The end of Ramadan dawns upon us as a moment of bittersweet realization. Many of us enter the holy month with the recognition of its miraculous and blessed nature, hoping to pave a path of refinement through the alleys of abstinence and consciousness of the divine. And in many ways, the end of this month is strikingly similar to its beginning.
Owing to the cyclical nature of Ramadan – matching the quintessential lunar behavior – the end of Ramadan is in some ways a déjà vu of its beginning. Almost one month ago, worshippers in the mosque gathered beyond the usual evening prayer hours to hear of moon criers bringing news of the Ramadan moon. Heads of the house reminded us of groceries that we were too lazy to purchase, while some relied on the luxury of memories related to spending the month with family. The mood was joyous, a transformation of sorts that welcomed the moment as the much needed pit stop in a dizzying race.
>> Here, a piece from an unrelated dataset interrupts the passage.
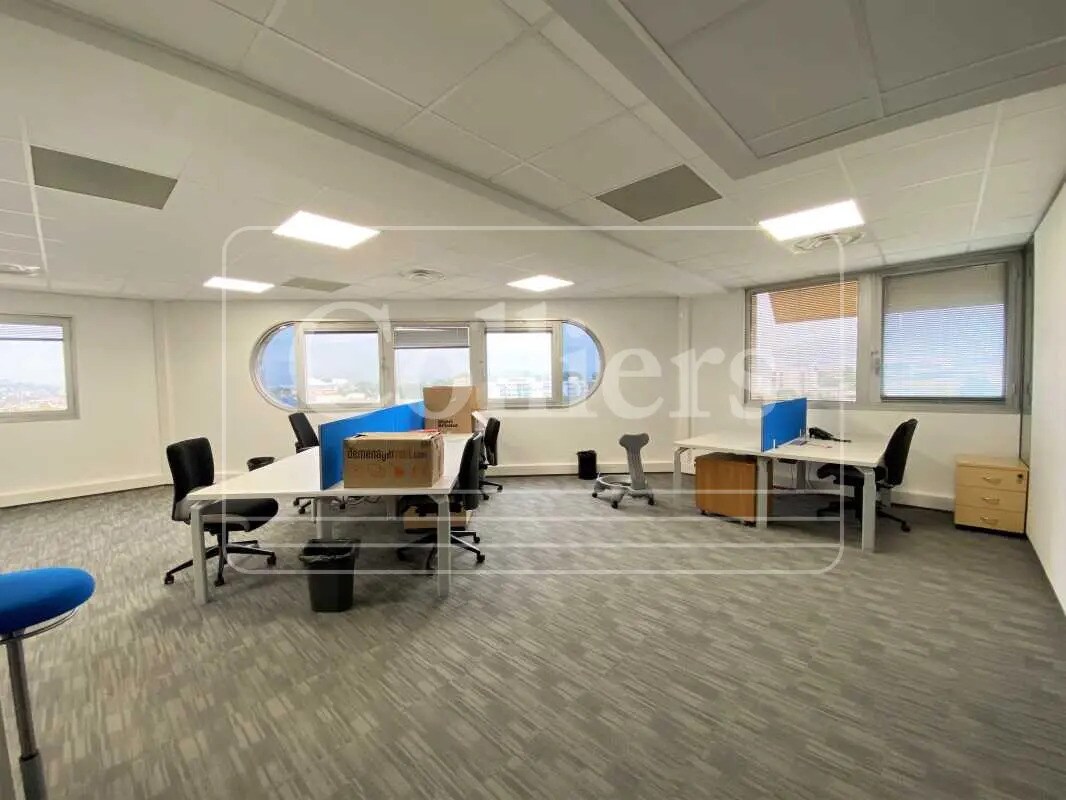 Office in Marseille to rent Building Photo- Image 1 of 22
As the moon flickers into distant darkness, the Muslim world is preparing to bid adieu to a month that gave so much and asked for little. Muslims across the globe will stand at the crossroads of jubilant celebration and pronounced poignance. They will stand at the intersection of welcoming Eid-Al-Fitr and parting away with Ramadan. The blessings of this month were more generous than usual, the opportunity to do good more than ever. In times of excessive intake and consumerist fairytales, it was moment of empathy towards those who live the realities of hunger and poverty. While the eleven months are consumed by debates on haves and have-nots, this month was a reminder of our own frailty, and the ability to overcome weakness with faith and charity before food.
I, for one, am often left confused about how we draw the curtains on this month. We could express overt sadness, but isn’t this in violation of Eid bringing in its joyous gifts for those who observed the month with awareness? There’s always a framework on how we prepare to enter Ramadan, but what about exiting this month in a way that does it justice?
Perhaps in this state of ambivalence lies the spirit of Ramadan. Our spiritual tradition relies, in addition to collective understanding, on our individual experiences and learning curves. The open-ended conclusion to Ramadan allows for our individual commitment to carry forward the essence of Ramadan. It’s a month that radiates the corners of darkness, the darkness that shadows our spirit at several testing points in life.
A month when the lights of a mosque are on for longest at the night is a month that inspires illumination for the days that follow. It’s the month that gave us the Book, a guidance that is ‘Light upon Light’, so that we may resist the darkness of our anxieties with the optimism of faith.
As the elders in the mosque stand poised once again to hear the moon crier, and our mothers remind us of the groceries that we still haven’t bought, the end of Ramadan will remind us of how exactly it all began. The nights will be lit with firecrackers, the streets with attractive sweets and toys, and families with glittering new clothes. But amidst all that shines, there will be a light that illuminates the brightest, the revealed light of faith and the acquired light of its inspiring benefits. And, just as we began Ramadan, we pray to be empowered by this light, and hold it against all that conspires towards darkness around us.